The community, beset by another punishing drought this year, is taking extraordinary steps to survive. Each morning, the local government dispatches a fleet of tank trucks bearing water to a greater number of locations than ever before: schools, hospitals, the prison, and a swelling number of impoverished communities not connected to the municipal water line, where historic sources are running dry and daily existence is now organized around the deliveries.

They come to Franco’s enclave twice a week, on Mondays and Thursdays, when residents replenish their reserves and the tense wait for the next delivery begins anew.

On that Monday morning in late August, Franco hears the water truck’s arrival just after 9 o’clock.
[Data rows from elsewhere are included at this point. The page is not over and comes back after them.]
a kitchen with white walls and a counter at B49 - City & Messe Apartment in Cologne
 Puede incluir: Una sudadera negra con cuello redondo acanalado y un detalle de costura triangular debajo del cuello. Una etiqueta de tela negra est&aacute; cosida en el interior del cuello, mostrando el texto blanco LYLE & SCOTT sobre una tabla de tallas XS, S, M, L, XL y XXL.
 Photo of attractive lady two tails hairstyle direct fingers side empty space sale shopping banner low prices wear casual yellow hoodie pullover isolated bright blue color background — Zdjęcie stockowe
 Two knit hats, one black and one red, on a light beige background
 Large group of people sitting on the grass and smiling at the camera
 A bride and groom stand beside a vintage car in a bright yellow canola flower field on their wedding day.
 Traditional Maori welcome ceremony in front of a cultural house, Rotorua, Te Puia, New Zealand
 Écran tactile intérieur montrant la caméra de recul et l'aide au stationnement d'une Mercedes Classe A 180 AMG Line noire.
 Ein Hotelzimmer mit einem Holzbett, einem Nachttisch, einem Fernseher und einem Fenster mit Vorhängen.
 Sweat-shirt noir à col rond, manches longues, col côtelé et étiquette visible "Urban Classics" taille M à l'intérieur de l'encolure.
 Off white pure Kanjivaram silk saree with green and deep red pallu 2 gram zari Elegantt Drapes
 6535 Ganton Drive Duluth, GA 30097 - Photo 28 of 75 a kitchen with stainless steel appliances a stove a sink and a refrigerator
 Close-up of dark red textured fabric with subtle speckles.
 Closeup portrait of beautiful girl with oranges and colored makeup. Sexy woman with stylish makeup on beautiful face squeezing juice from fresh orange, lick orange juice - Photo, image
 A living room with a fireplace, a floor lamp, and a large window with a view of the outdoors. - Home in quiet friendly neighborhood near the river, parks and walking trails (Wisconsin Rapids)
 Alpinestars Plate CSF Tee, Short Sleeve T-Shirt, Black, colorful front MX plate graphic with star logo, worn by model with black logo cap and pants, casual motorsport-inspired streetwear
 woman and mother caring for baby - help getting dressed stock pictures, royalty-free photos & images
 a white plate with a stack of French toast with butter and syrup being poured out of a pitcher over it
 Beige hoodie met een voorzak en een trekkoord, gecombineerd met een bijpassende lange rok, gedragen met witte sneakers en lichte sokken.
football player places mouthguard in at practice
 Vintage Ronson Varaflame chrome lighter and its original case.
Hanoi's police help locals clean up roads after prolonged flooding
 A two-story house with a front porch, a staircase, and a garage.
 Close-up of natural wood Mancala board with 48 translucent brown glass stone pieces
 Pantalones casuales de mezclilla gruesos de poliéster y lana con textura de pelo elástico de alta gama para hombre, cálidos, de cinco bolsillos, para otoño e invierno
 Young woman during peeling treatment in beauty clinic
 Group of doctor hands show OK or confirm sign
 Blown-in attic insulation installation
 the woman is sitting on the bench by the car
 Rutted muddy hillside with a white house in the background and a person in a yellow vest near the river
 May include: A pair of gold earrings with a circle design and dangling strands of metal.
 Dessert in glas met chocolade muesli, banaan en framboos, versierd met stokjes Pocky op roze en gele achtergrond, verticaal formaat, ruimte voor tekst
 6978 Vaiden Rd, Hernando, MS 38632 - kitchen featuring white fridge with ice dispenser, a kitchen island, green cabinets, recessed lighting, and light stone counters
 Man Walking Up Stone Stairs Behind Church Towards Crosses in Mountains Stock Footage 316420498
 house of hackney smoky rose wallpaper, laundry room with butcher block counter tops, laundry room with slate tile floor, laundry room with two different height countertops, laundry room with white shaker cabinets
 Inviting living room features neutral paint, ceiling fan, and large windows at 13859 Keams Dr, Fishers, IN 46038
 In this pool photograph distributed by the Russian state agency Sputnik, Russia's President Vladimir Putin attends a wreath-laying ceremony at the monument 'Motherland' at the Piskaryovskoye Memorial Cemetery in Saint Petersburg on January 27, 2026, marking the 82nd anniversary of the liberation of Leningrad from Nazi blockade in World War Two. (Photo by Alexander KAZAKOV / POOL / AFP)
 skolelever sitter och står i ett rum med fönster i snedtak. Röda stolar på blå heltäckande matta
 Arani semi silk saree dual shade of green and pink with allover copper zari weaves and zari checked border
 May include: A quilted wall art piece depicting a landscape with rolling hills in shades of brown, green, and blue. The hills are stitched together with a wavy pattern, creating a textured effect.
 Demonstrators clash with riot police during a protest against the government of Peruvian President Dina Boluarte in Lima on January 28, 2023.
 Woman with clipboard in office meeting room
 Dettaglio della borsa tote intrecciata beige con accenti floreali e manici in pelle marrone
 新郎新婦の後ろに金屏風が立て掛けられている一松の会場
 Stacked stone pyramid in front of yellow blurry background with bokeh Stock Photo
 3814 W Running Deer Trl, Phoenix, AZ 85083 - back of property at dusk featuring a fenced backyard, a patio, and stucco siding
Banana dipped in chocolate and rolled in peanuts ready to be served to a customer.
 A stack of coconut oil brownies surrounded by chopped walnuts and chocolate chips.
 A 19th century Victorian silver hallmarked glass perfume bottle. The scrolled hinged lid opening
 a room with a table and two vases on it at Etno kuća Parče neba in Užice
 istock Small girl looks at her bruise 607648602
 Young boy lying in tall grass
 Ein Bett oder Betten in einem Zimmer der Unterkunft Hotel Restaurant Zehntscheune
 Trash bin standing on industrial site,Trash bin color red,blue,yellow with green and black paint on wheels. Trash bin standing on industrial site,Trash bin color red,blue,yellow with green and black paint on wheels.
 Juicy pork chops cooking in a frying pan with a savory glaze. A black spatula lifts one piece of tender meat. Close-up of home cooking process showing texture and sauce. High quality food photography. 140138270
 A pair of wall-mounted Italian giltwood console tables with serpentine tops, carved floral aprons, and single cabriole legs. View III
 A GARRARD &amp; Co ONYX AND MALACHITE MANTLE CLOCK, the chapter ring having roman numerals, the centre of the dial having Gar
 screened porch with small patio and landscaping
But she doesn’t move. The eight households in this pocket of the Adauto Frota slum draw water in order of their proximity to the communal tank. And Franco’s shack, which she shares with her 17-year-old granddaughter, the girl’s boyfriend and their son, is the second-farthest away.

On the best of days, Franco might get almost all her share, quieting her worries over what might befall baby Samuel — diarrhea, dehydration, something worse — if they don’t receive enough water. But this morning is hot and dry. The community has gone four days since the last delivery. She wants to believe a spirit of sharing will trump individual need, but when she finally gets the community hose, it’s late. The sun is setting. She puts the hose into her tank and steps back.

The water comes out in a trickle.

“It’s weak,” she says, anxiety in her voice.

She adjusts the hose, twisting it this way and that. But the flow is still too weak. Others have taken far more than their share. It will be hours before the tank fills, if it does at all. She looks back at her house.

The stack of dishes. The pile of clothes. And, most pressingly, Samuel.

“We just have to hope,” she says.

The Acre state flag flies in smoky skies over the Acre River in Rio Branco on Aug. 25.

‘The tipping point is here’

In the 1970s, Brazilian researcher Enéas Salati upended much of what scientists thought they knew about the Amazon. Until then, it was believed that the forest’s abundant rain was a function of climate. But by studying oxygen isotopes in rainwater throughout the Amazon, Salati found that about half of the precipitation was recycled. There had been a hidden source of water in the Amazon all along, Salati discovered: the forest itself.

Water cycles through the biome, to be used and reused. The trees, with deep root systems, drink up rainwater, then secrete the moisture into the atmosphere. Easterly winds from the Atlantic then carry it farther inland, where it forms into rain and the process repeats. A single water molecule can be recycled up to six times.

“An almost unique precipitation and water-recycling regime,” Salati called it.